━━━ The data ━━━
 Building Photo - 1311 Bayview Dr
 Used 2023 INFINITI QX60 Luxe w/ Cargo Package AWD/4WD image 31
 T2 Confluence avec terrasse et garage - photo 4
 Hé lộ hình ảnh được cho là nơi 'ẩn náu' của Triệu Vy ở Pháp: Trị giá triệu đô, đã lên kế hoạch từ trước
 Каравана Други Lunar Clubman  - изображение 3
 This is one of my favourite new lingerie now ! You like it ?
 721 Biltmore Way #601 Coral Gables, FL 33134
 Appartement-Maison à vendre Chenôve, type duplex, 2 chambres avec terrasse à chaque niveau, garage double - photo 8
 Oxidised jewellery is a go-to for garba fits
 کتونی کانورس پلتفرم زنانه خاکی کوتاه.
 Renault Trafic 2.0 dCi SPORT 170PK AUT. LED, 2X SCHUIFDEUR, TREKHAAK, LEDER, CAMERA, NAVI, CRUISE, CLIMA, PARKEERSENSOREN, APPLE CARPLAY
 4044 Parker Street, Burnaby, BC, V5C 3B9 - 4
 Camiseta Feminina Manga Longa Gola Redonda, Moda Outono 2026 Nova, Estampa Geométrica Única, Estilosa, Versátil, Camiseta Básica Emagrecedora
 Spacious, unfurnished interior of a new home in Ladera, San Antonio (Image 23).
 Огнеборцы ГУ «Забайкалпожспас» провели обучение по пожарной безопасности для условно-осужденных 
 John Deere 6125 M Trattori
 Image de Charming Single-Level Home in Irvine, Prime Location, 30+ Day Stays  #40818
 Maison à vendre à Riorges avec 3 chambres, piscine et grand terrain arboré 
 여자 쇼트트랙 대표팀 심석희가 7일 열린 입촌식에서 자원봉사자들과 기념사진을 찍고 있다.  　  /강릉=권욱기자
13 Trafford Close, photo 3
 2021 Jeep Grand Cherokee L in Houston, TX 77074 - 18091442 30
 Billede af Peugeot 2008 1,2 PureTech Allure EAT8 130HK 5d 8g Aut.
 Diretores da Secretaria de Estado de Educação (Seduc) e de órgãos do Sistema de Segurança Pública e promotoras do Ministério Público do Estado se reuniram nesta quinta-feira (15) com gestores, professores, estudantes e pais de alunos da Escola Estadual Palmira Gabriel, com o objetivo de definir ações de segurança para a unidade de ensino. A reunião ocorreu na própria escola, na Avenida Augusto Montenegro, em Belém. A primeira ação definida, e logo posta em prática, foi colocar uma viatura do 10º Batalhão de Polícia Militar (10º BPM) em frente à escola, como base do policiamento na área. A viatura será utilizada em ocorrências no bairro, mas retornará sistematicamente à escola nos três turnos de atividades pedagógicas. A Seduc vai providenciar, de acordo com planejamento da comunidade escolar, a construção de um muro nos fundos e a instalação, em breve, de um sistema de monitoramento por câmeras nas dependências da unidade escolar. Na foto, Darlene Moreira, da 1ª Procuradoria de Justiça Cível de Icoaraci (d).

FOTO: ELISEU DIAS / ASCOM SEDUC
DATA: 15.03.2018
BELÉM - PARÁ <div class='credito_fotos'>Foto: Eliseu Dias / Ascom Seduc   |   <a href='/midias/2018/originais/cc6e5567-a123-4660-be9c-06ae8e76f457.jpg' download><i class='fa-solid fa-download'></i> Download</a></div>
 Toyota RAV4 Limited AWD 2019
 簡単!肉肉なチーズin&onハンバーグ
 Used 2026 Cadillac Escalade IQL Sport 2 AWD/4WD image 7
━━━
**Assignment:**
Scan the material above for "Maison". Copy every line where it appears.

**Solved problem:**
 Appartement-Maison à vendre Chenôve, type duplex, 2 chambres avec terrasse à chaque niveau, garage double - photo 8
 Maison à vendre à Riorges avec 3 chambres, piscine et grand terrain arboré 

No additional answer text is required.